= The problem =
Output the data below line for line, exactly, up to and including the line where "EcoQuality - Wholesale" appears.
### Given entries ###
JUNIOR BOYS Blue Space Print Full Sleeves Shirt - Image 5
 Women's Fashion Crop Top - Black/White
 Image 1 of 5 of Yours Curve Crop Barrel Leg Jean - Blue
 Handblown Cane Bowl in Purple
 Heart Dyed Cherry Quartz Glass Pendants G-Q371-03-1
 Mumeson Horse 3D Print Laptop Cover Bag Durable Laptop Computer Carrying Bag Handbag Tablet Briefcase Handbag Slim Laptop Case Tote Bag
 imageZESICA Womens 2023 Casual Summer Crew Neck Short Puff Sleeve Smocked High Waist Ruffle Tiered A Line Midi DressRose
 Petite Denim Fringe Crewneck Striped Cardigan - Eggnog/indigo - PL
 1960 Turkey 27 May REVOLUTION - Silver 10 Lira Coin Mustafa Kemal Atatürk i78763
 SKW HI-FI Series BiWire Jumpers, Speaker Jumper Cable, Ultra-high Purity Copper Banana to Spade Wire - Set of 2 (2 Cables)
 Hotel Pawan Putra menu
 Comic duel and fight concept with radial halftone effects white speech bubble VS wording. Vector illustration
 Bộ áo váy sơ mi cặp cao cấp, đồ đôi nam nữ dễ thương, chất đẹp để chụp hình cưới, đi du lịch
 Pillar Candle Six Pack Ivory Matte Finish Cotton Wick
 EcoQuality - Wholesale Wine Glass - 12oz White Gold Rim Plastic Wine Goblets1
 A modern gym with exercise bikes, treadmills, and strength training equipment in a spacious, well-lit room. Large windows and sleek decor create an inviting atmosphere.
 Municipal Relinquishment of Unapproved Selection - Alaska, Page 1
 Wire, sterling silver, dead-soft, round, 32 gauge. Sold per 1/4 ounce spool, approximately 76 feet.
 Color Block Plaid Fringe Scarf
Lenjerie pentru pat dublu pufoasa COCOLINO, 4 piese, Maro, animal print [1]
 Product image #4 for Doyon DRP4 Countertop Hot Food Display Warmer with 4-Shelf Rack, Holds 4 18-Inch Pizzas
###
= Answer section =
JUNIOR BOYS Blue Space Print Full Sleeves Shirt - Image 5
 Women's Fashion Crop Top - Black/White
 Image 1 of 5 of Yours Curve Crop Barrel Leg Jean - Blue
 Handblown Cane Bowl in Purple
 Heart Dyed Cherry Quartz Glass Pendants G-Q371-03-1
 Mumeson Horse 3D Print Laptop Cover Bag Durable Laptop Computer Carrying Bag Handbag Tablet Briefcase Handbag Slim Laptop Case Tote Bag
 imageZESICA Womens 2023 Casual Summer Crew Neck Short Puff Sleeve Smocked High Waist Ruffle Tiered A Line Midi DressRose
 Petite Denim Fringe Crewneck Striped Cardigan - Eggnog/indigo - PL
 1960 Turkey 27 May REVOLUTION - Silver 10 Lira Coin Mustafa Kemal Atatürk i78763
 SKW HI-FI Series BiWire Jumpers, Speaker Jumper Cable, Ultra-high Purity Copper Banana to Spade Wire - Set of 2 (2 Cables)
 Hotel Pawan Putra menu
 Comic duel and fight concept with radial halftone effects white speech bubble VS wording. Vector illustration
 Bộ áo váy sơ mi cặp cao cấp, đồ đôi nam nữ dễ thương, chất đẹp để chụp hình cưới, đi du lịch
 Pillar Candle Six Pack Ivory Matte Finish Cotton Wick
 EcoQuality - Wholesale Wine Glass - 12oz White Gold Rim Plastic Wine Goblets1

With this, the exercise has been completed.